AWS SESメールボックスシミュレーターにて、カスタムヘッダや添付ファイル付きのテストEメールを送信する

背景

AWS SESでメール送信環境を構築したときは、合わせて メールが不達になったこと を検知する仕組みも構築します。 AWS SESから送信したメールでメール不達があまりにも多いと、AWS SESの利用が停止されるためです。

  さらに、AWS SESの本番運用を始める前に、メール不達を検知する仕組みの動作確認も大切です。

その動作確認で役立つのが Amazon SES メールボックスシミュレーター です (以降 シミュレーター と表記)。 シミュレーターを使用した Amazon SES でのテストメール送信 - Amazon Simple Email Service

シミュレーターには バウンス苦情 などのシナリオが用意されています。

このシナリオを使えば、AWS SES環境のバウンス率・苦情率に影響することなく、メール不達を検知する仕組みの動作確認ができます。

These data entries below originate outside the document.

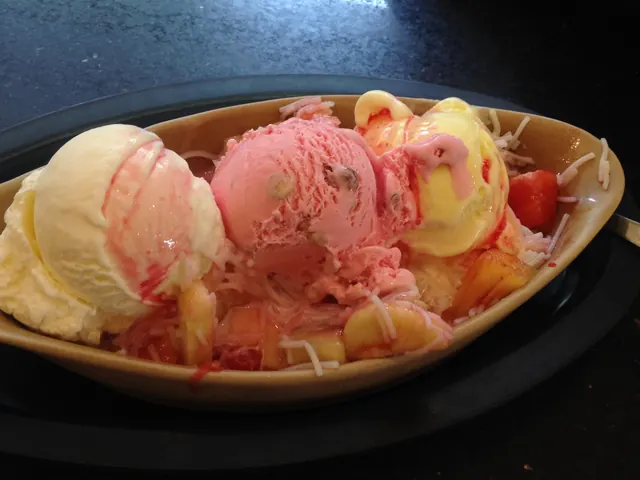 Three scoops of ice cream with fruit and syrup in a boat-shaped bowl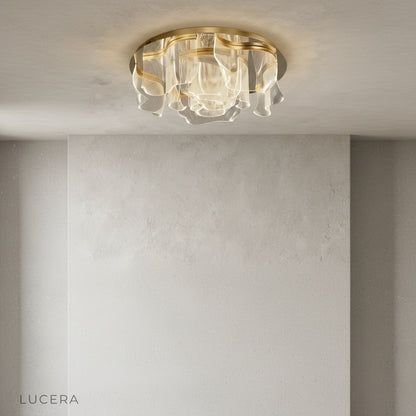 Sisyphus ceiling light close-up detail integrated LED warm glow gold texture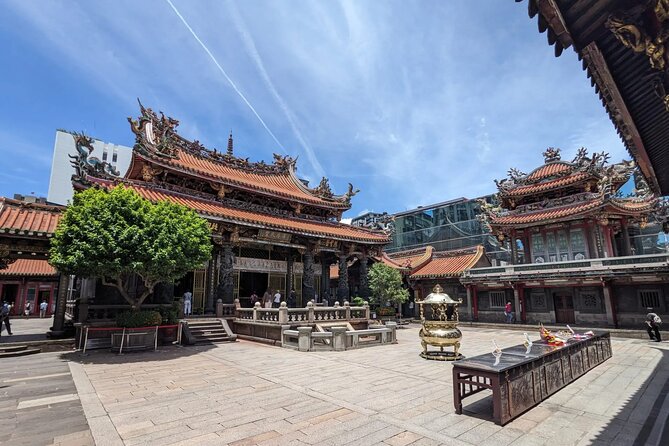 Private Longshan Temple and Dadaocheng Walking Tour - Entering Dadaocheng through old commercial streets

  さらに、シナリオとして用意されていないケース、例えば

  • カスタムメールヘッダ付きのメールを送信し、メールが不達になる

  • reject イベントが発生するメールを送信し、メールが不達になる

であっても、シミュレーターを使って動作確認ができます。

 

この記事では、シナリオとして用意されてないケースに対する、シミュレーターの使い方を記載します。

なお、不達を検知する仕組み 「AWS SESで発生したイベントの通知情報が AWS SES → AWS SNS → AWS SQS の順で流れていく環境」 は、すでに構築済であるとして、ここでは記載しません。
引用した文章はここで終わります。